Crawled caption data
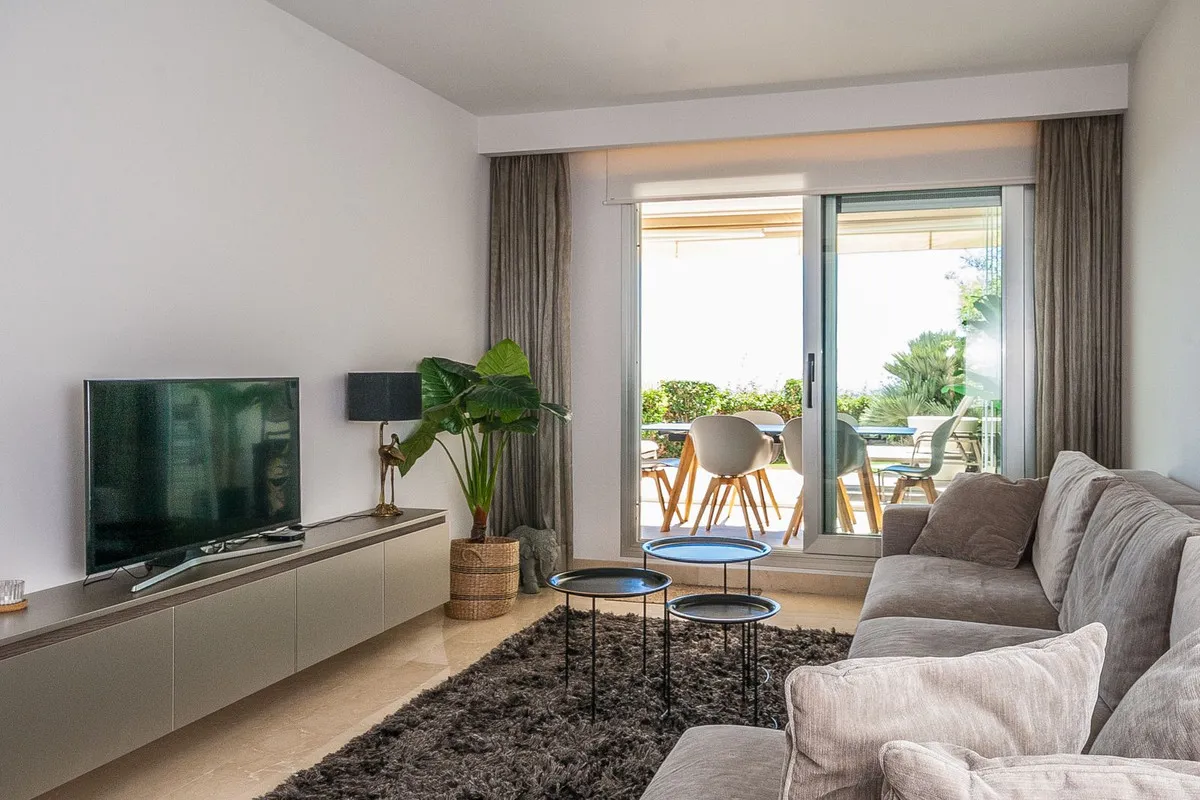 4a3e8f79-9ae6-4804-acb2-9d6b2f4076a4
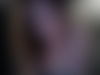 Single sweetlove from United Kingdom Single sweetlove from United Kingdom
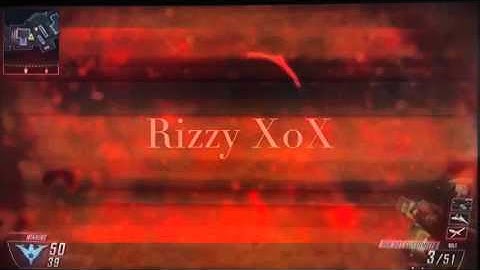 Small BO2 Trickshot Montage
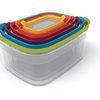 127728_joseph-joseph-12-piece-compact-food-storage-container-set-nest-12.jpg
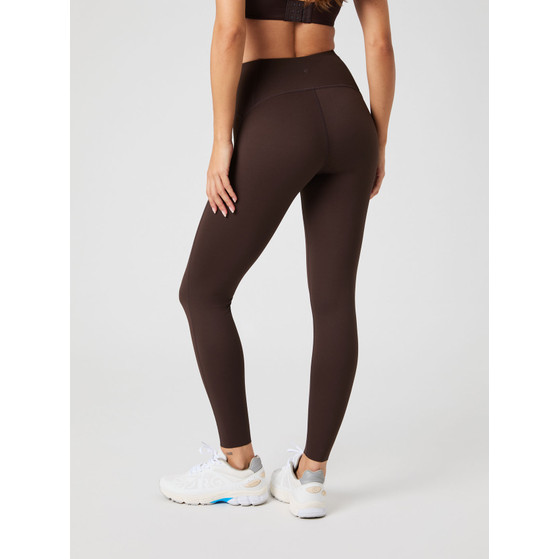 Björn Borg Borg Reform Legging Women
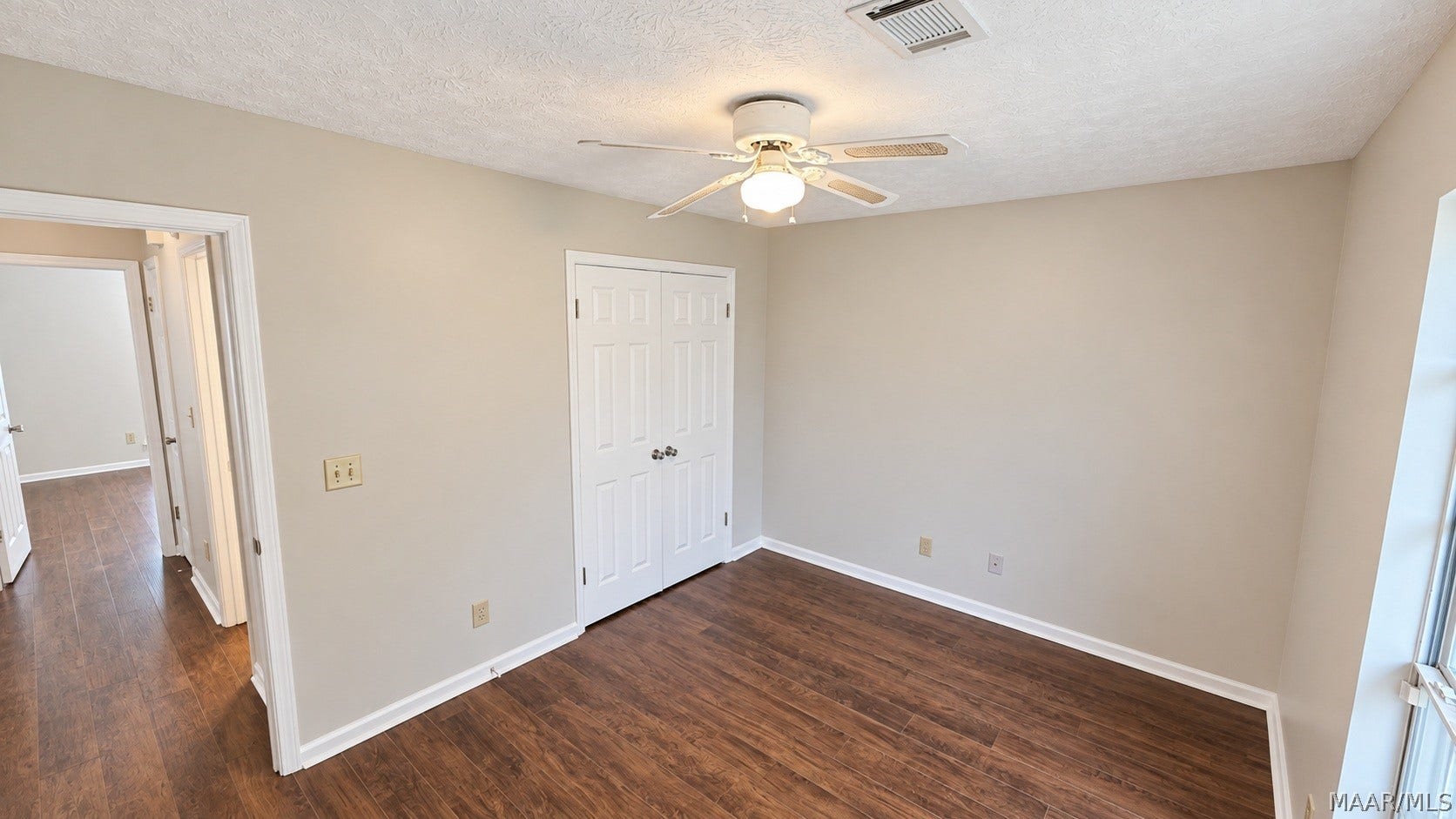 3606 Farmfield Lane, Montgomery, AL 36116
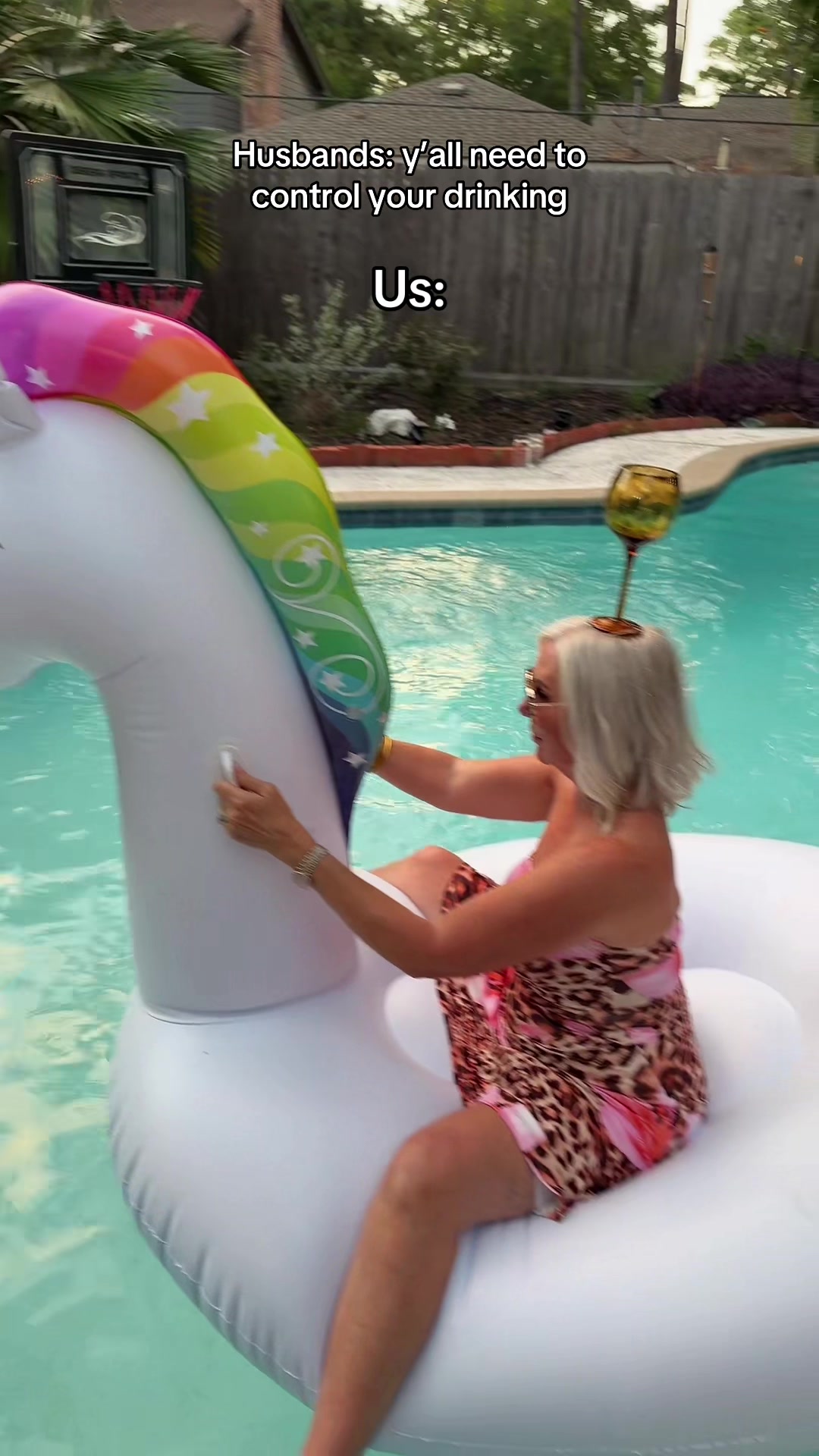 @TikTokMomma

• Activity
Leave the pictures out. Extract exactly the lines running from the one with "Single sweetlove from United Kingdom Single" through the last entry, both ends included.

• Task solution
 Single sweetlove from United Kingdom Single sweetlove from United Kingdom
 Small BO2 Trickshot Montage
 127728_joseph-joseph-12-piece-compact-food-storage-container-set-nest-12.jpg
 Björn Borg Borg Reform Legging Women
 3606 Farmfield Lane, Montgomery, AL 36116
 @TikTokMomma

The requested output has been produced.